Extrait d'un entretien entre Pier Paolo Pasolini et Giuseppe Cardillo (tiré de L'Inédit de New York, pp. 66 à 69.) :
GC : Le problème est qu'il y a d'une part cette prise de position laïque, marxiste et, de l'autre, une affirmation constante du sens du sacré par le choix de vos mots, donc, de vos déclarations, de vos actes, donc de votre oeuvre. C'est cela que je ne comprends pas...
PPP : Je vais vous expliquer. Laissez-moi un peu de temps et vous allez comprendre. Je vous disais que, pour un homme venu d'un monde classique, pré-industriel, tout pouvait être hiérophanie, et parfois même théophanie : Dieu en personne lui apparaissait.
Aujourd'hui, le monde paysan sacral n'existe plus. Je suis né dans ce monde, mais au fur et à mesure des années, de ma formation, de ma vie, je suis passé dans un autre monde, un monde industriel, dominé par la raison, laïque, etc. En moi, cependant, et c'est là la contradiction, la réalité est toujours une hiérophanie. Cette tradition, je peux l'expliquer, si vous voulez, en terme de manuel de philosophie, en vous disant que ma religion est une forme d'immanentisme ; la réalité est hiérophanie ; mais puisque je ne crois pas en Dieu transcendant - et que d'autre part la réalité est hiérophanie - ça signifie que la réalité même est Dieu. Autrement dit la réalité est une théophanie. Autrement dit, il s'agit bien d'une forme d'immanence ; énoncées aussi simplement, toutes les contradictions se résolvent.

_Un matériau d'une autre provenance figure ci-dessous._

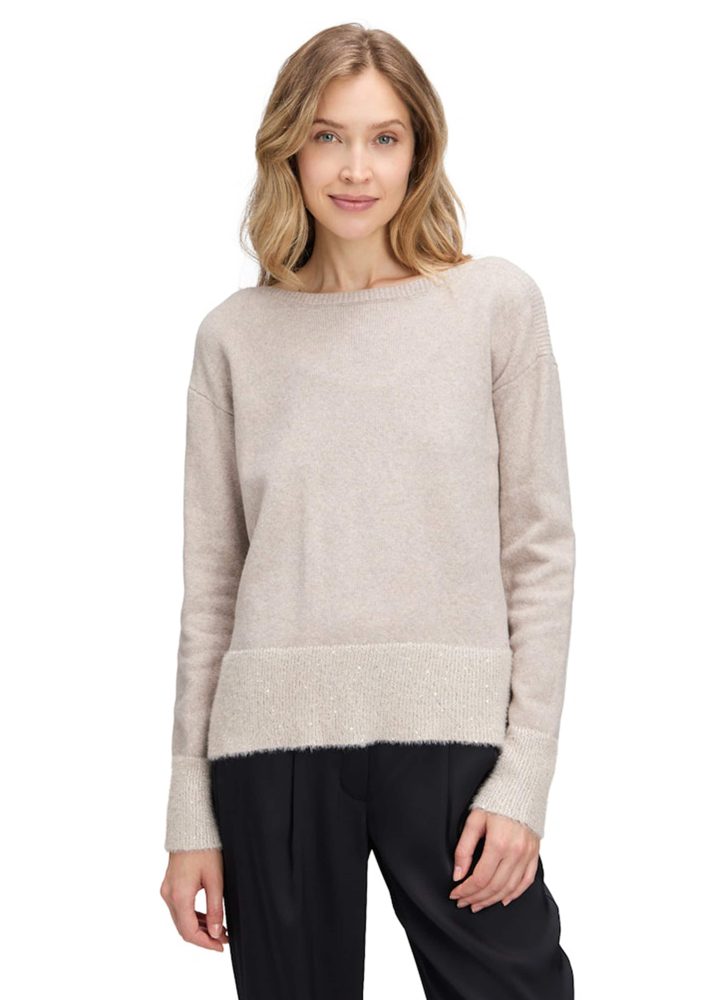 Flauschiger Strickpullover mit Pailletten - taupe / méliert - Gr. 40 von Goldner Fashion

Souvenez-vous de ce que je vous disais sur le cinéma ; je vous disais qu'en faisant des études de sémiologie sur le cinéma, je suis arrivé plus ou moins à découvrir, sur les traces de Morris qui enseigne la sémiologie à Chicago, et tout en lisant les grands linguistes - Jakobson, bien sûr, et comment ne pas penser à de Saussure, et tant d'autres -, en bien en faisant ces études, j'ai analysé ce que pouvait être la langue du cinéma. Je suis parvenu à la voir comme un système de signes iconiques qui exprime la réalité à travers la réalité même. Par exemple, si je dois dire de façon littéraire ce qu'est un arbre, j'ai un code linguistique écrit et parlé, où le mot "arbre" - signe conventionnel arbitraire, comme le dit Saussure - est le symbole de cet arbre ; c'est le signifiant du signifié. Mais si je veux donner à voir cet arbre au cinéma, je reproduirai l'arbre même ; plutôt que d'exprimer l'arbre par le signe, je le montre en montrant l'arbre - ce que Morris appelle l'arbre in-signo (littéralement en-signe). L'arbre devient alors le signe iconique de lui-même, que j'appelle "in-signo" (en-seigne).
GC : Si j'osais vous faire une objection, je vous dirais que l'image visible de l'arbre est déjà l'aboutissement de tout un processus de synthèse, c'est déjà une représentation particulière et non de l'arbre en soi...
PPP : C'est vrai dans un film, un film d'auteur.
GC : Mais c'est vrai aussi quand nous le regardons simplement...
PPP : J'y arrive. Quand je dis que je représente l'arbre par l'arbre, dans le cinéma, c'est que j'ai une série "d'en-seignes" qui correspondent aux objets de la réalité. Voilà où je voulais en venir ; si je devais faire une sémiologie du cinéma, je ferais sans doute une sémiologie semblable à celle que je ferais de la réalité. Chacun de nous possède inconsciemment un code la réalité ; peut-être ce code n'est-il pas écrit ; mais ce code écrit à travers chacun de ceux qui reconnaissent la réalité serait, pour un professeur de sémiologie, une sémiologie générale de la réalité. Et si nous pouvons entreprendre une sémiologie de la réalité, ça veut dire que la réalité est elle-même un langage. Voilà la grande affaire : la réalité est un langage. Pour moi, je vous l'ai dit, la réalité est hiérophanie - elle l'est de façon sentimentale et intuitive - et si vous suivez mon raisonnement, tout est étrange, la réalité n'est plus une hiérophanie mais une hiérosémie, autrement-dit un langage sacré.